Part based object detection, segmentation, and tracking by boosting simple shape feature based weak classifiers

Detection, segmentation, and tracking of objects of a known class is a fundamental problem in computer vision. For this task, we need to first detect the objects of interest and segment them from the background, and then track them across different frames while maintaining the correct identities. The two principle sources of difficulty in performing this task are: (a) change in appearance of the objects with viewpoint, illumination, and possible articulation, and (b) partial occlusion of objects of interest by other objects. The objective of this work is to develop a system to automatically detect, segment, and track multiple, possibly partially occluded objects of a known class from a single camera.

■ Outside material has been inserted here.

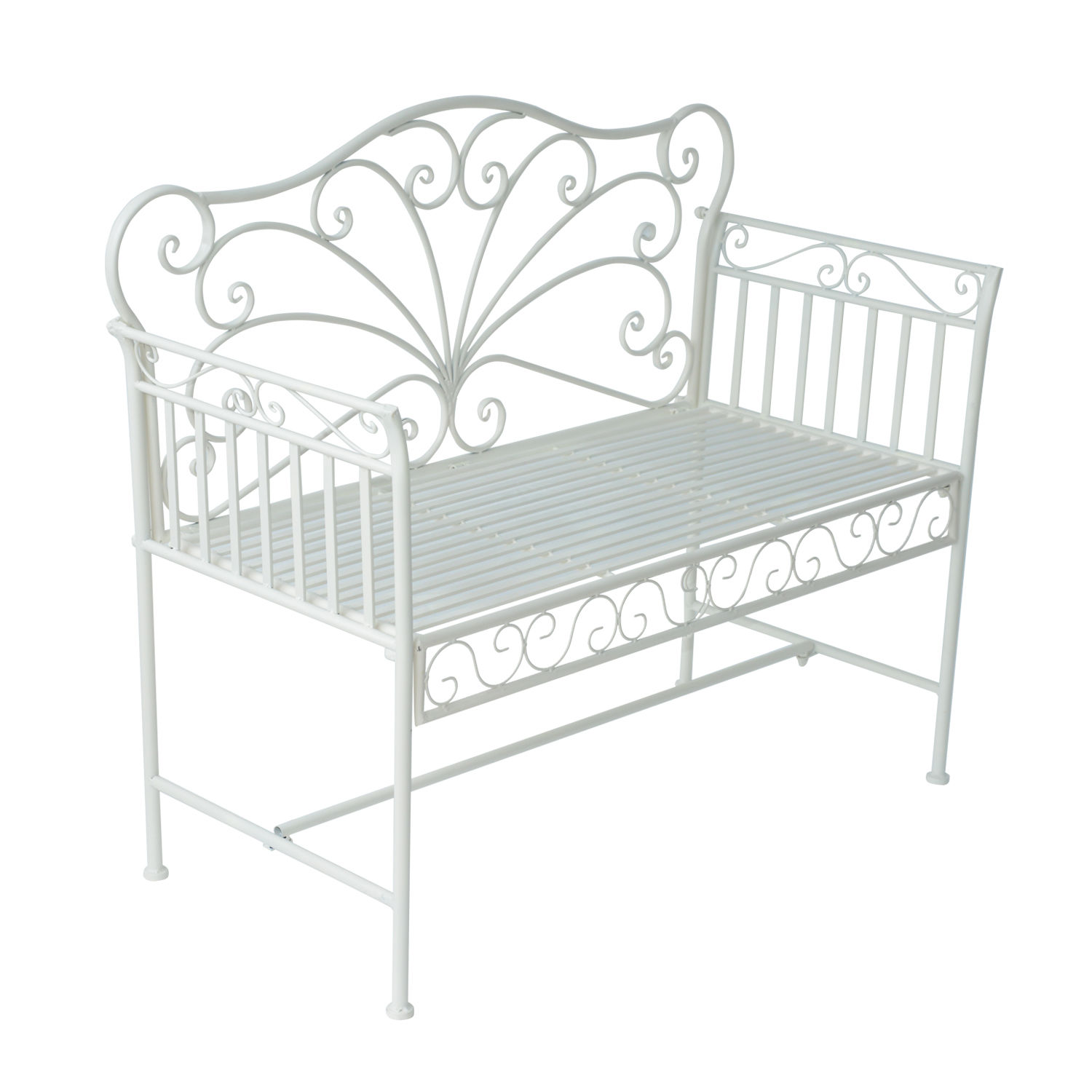 Gartenbank Sitzbank Blumenbank Parkbank Gartenmöbel 2-Sitzer Metall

We take pedestrians, which are important for many real-life applications, as the main class of interest to demonstrate our approach. However, some components of the method are also applied to the class of cars to show the generality of our approach. We represent an object as a hierarchy of parts. The use of part based model enables us to detect and track objects when some parts of them are not visible. We develop a new type of shape oriented features, called edgelet, to capture the silhouette based patterns. We integrate the edgelet features with some other existing shape features, and learn tree structured classifiers for object parts. Part detection responses are combined jointly so that the spatial relations, including possible occlusions, between multiple objects are analyzed. For specific applications, an unsupervised, online learning algorithm is used to improve the performance of the detectors by adapting them to the particular environment. Object segmentor, whose output is pixel-level figure-ground segmentation, is learned based on the local shape features. The object detection and segmentation results provide the observations for tracking. Trajectory initialization and termination are both automatic and rely on the detection results. Two complementary techniques, data association and mean-shift, are used to track an object. An automatic object detection and tracking system has been implemented and evaluated on a number of images and videos. The experimental results show that our method achieves the state-of-the-art performance.